• **What you are asked to do**
Each record that follows must be given again without alteration.

• **Entries supplied**

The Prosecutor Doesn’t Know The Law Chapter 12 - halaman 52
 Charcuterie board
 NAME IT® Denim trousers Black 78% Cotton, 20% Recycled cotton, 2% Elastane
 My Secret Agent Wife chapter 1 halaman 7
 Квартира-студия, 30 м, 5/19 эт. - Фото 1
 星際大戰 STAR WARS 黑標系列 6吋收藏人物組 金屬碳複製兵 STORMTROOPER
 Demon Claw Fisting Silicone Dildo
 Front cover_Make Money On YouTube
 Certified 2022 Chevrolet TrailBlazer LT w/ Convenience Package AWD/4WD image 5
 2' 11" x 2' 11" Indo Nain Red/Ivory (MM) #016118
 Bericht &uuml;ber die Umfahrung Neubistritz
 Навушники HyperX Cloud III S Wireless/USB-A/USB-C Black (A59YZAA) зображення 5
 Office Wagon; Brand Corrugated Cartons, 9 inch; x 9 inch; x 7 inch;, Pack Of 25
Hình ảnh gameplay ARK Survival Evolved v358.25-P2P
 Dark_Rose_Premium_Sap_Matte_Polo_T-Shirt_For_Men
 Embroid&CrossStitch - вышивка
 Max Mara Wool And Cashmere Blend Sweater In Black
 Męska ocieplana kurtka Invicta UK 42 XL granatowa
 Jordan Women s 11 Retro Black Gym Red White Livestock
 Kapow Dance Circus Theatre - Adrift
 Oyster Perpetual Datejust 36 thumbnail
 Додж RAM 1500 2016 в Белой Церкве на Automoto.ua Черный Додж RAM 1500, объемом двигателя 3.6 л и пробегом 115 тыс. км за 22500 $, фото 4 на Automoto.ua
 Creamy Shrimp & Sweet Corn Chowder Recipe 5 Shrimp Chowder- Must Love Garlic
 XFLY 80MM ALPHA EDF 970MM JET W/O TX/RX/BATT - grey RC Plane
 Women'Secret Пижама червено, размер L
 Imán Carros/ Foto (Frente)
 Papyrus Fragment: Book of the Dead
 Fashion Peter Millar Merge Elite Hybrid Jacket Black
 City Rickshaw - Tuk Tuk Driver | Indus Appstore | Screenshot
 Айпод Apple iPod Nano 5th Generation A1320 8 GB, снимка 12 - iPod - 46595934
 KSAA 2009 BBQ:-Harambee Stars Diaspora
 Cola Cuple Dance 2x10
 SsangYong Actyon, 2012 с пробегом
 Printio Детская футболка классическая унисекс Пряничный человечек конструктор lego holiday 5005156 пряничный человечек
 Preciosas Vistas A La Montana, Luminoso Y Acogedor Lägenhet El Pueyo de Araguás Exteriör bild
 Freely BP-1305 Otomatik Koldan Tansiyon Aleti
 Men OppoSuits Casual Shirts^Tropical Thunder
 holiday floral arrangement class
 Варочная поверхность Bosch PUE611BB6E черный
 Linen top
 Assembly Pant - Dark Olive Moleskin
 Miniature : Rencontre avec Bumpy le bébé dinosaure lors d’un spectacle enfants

• **Answer to this exercise**
The Prosecutor Doesn’t Know The Law Chapter 12 - halaman 52
 Charcuterie board
 NAME IT® Denim trousers Black 78% Cotton, 20% Recycled cotton, 2% Elastane
 My Secret Agent Wife chapter 1 halaman 7
 Квартира-студия, 30 м, 5/19 эт. - Фото 1
 星際大戰 STAR WARS 黑標系列 6吋收藏人物組 金屬碳複製兵 STORMTROOPER
 Demon Claw Fisting Silicone Dildo
 Front cover_Make Money On YouTube
 Certified 2022 Chevrolet TrailBlazer LT w/ Convenience Package AWD/4WD image 5
 2' 11" x 2' 11" Indo Nain Red/Ivory (MM) #016118
 Bericht &uuml;ber die Umfahrung Neubistritz
 Навушники HyperX Cloud III S Wireless/USB-A/USB-C Black (A59YZAA) зображення 5
 Office Wagon; Brand Corrugated Cartons, 9 inch; x 9 inch; x 7 inch;, Pack Of 25
Hình ảnh gameplay ARK Survival Evolved v358.25-P2P
 Dark_Rose_Premium_Sap_Matte_Polo_T-Shirt_For_Men
 Embroid&CrossStitch - вышивка
 Max Mara Wool And Cashmere Blend Sweater In Black
 Męska ocieplana kurtka Invicta UK 42 XL granatowa
 Jordan Women s 11 Retro Black Gym Red White Livestock
 Kapow Dance Circus Theatre - Adrift
 Oyster Perpetual Datejust 36 thumbnail
 Додж RAM 1500 2016 в Белой Церкве на Automoto.ua Черный Додж RAM 1500, объемом двигателя 3.6 л и пробегом 115 тыс. км за 22500 $, фото 4 на Automoto.ua
 Creamy Shrimp & Sweet Corn Chowder Recipe 5 Shrimp Chowder- Must Love Garlic
 XFLY 80MM ALPHA EDF 970MM JET W/O TX/RX/BATT - grey RC Plane
 Women'Secret Пижама червено, размер L
 Imán Carros/ Foto (Frente)
 Papyrus Fragment: Book of the Dead
 Fashion Peter Millar Merge Elite Hybrid Jacket Black
 City Rickshaw - Tuk Tuk Driver | Indus Appstore | Screenshot
 Айпод Apple iPod Nano 5th Generation A1320 8 GB, снимка 12 - iPod - 46595934
 KSAA 2009 BBQ:-Harambee Stars Diaspora
 Cola Cuple Dance 2x10
 SsangYong Actyon, 2012 с пробегом
 Printio Детская футболка классическая унисекс Пряничный человечек конструктор lego holiday 5005156 пряничный человечек
 Preciosas Vistas A La Montana, Luminoso Y Acogedor Lägenhet El Pueyo de Araguás Exteriör bild
 Freely BP-1305 Otomatik Koldan Tansiyon Aleti
 Men OppoSuits Casual Shirts^Tropical Thunder
 holiday floral arrangement class
 Варочная поверхность Bosch PUE611BB6E черный
 Linen top
 Assembly Pant - Dark Olive Moleskin
 Miniature : Rencontre avec Bumpy le bébé dinosaure lors d’un spectacle enfants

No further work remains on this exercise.